U.S. Rep. Emanuel Cleaver says the morning he secured a piece of jazz history for Kansas City wasn’t an enjoyable one.
“It was a weird morning that I don’t ever want to experience again,” Cleaver still remembers.
As mayor of Kansas City, Missouri, in 1994, Cleaver was huddled in a church basement with city officials and civic leaders nervously monitoring the auction of Charlie Parker memorabilia held by Christie’s in London.
Among the items was a plastic Grafton saxophone that Parker used at a famous concert at Massey Hall in Toronto, Canada, on May 15, 1953.
“The opening bid was $5,000,” Cleaver says. “I remember clearly, because I thought the saxophone probably cost $199, but we got some historic value here so $5,000 is nothing. And before I knew it, we were up to $75,000.”
Cleaver’s winning bid was more than $144,000, and the saxophone eventually became the centerpiece of the American Jazz Museum’s collection.
“Buying that sax was the coup d’état for Kansas City,” Cleaver maintains. “And of course now, it’s not controversial, it makes sense to have Charlie Parker’s saxophone. Everybody who steps foot in there wants to see the No. 1 thing: Charlie Parker’s plastic sax.”
The instrument is heard with new clarity on “Hot House: The Complete Jazz at Massey Hall Recordings,” a lavish repackaging of the Toronto concert released by Craft Recordings in November.
Seventy years after the event, jazz fans like Cleaver still marvel at Parker’s facility on an instrument of inferior quality.
“He was doing things with that saxophone that only a few people on the planet could do,” Cleaver says.
Parker was joined by four other architects of bebop in the one-off concert: trumpeter Dizzy Gillespie, pianist Bud Powell, bassist Charles Mingus and drummer Max Roach. It was the first time all five had played together.
In spite of difficult circumstances surrounding the date, Parker thrived.
“So many things went wrong during that night,” says Dina Bennett, doctor of ethnomusicology and interim director of the American Jazz Museum. Parker’s struggles with substance abuse and the mental health issues Powell faced only complicated the concert.
“It really wasn't well attended,” Bennett explains. “Charlie Parker had pawned his saxophone, so he was given the plastic saxophone to play. He was late. Bud Powell had been (recently) released from the hospital, Dizzy Gillespie was running behind stage to listen to the boxing match between Rocky Marciano and Joe Walcott, and then they kept going across the street to the Silver Tavern for drinks.”

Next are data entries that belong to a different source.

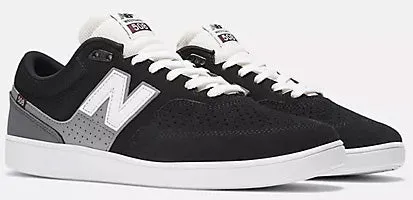 New Balance - Numeric Brandon Westgate 508 Shoes | Black Grey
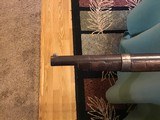 US Civil War pattern 1861 Contract musket by Norwich dated 1863 - 8 of 15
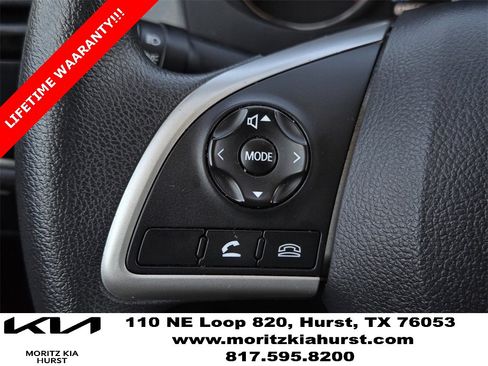 Used 2019 Mitsubishi Outlander ES image 27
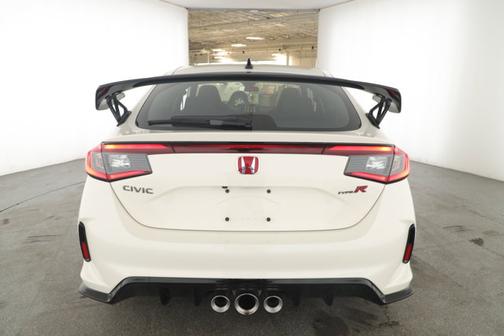 2024 Honda Civic BASE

The consequent intermission of well over an hour irritated concert-goers.
And the problems continued after the show. Most of the musicians’ checks bounced and, even worse, the recording failed to pick up Mingus’ bass. After being persuaded not to destroy the tapes, the fiery Mingus overdubbed his instrument. (Craft’s repackaging of the concert includes both versions.)

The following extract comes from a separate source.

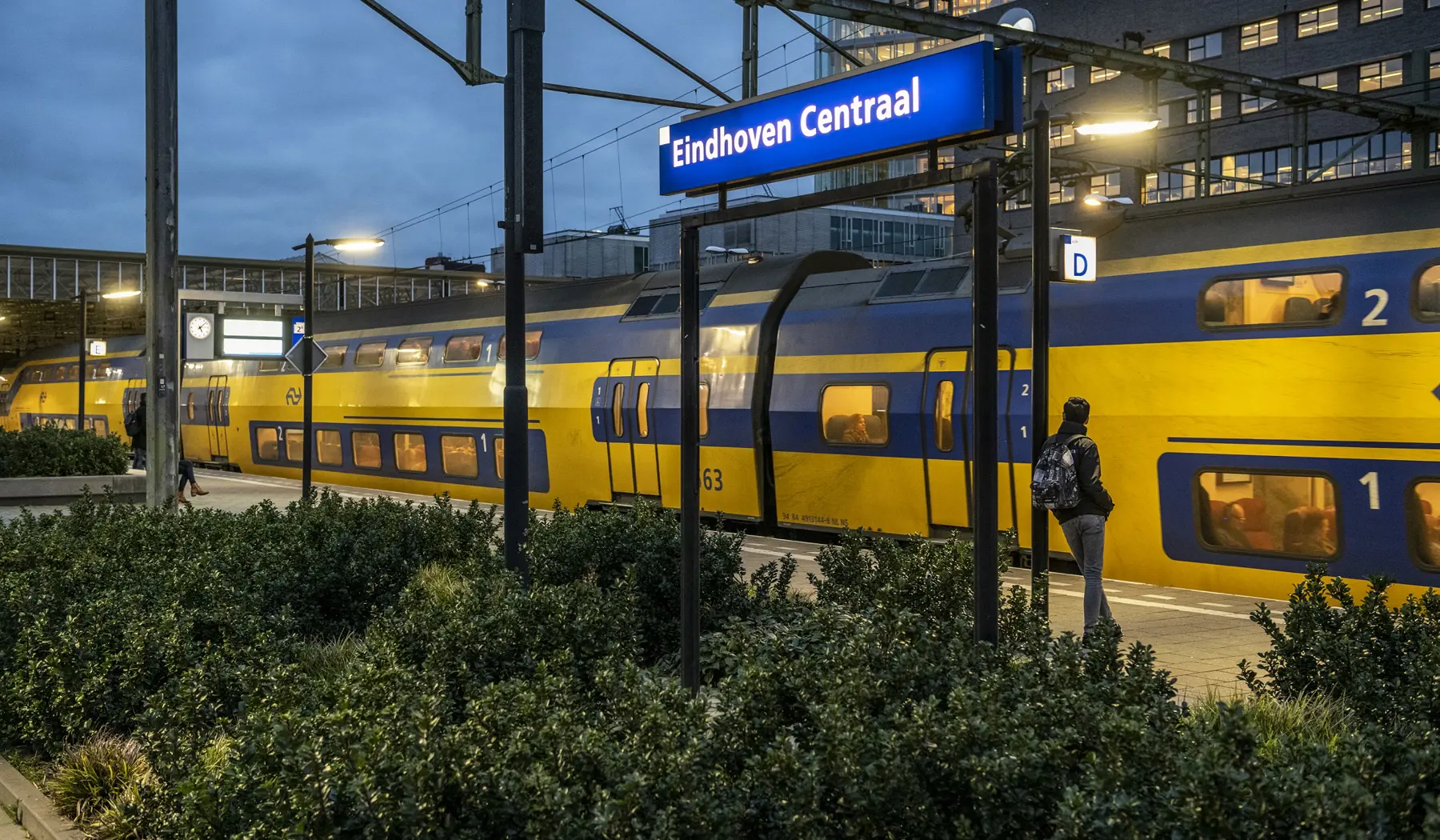 Spoor 2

Contractual complications also resulted in Parker being listed as “Charlie Chan” on the original release of the recording.
In spite of, and perhaps partly in recognition of these obstacles, “The Penguin Guide to Jazz Recordings” calls the concert “a remarkable experience, not to be missed.”
The most treasured element of the Massey concert, Parker’s plastic saxophone, is now housed in a glass case in Kansas City’s Historic 18th and Vine jazz district, about six miles from Parker’s 1920 birthplace in Kansas City, Kansas.
“It's our significant artifact that we have in the collection,” Bennett says.
“It symbolizes his great artistry and his brilliance — I mean, it's made out of 1950s, cheap plastic, you know? And he didn't miss a beat.”
Parker died in New York only 22 months after the Massey Hall concert. At 35 years old, his official cause of death was pneumonia and an ulcer.
“When you listen to that concert, it seemed like there was nothing holding him back,” says Gerald Dunn, director of entertainment at the American Jazz Museum. “You don't have a piece of metal taking your personality away, that plastic horn allows your voice to speak through more freely.”
The one-of-a-kind performance comes through more clearly than ever on “Hot House: The Complete Jazz at Massey Hall Recordings.”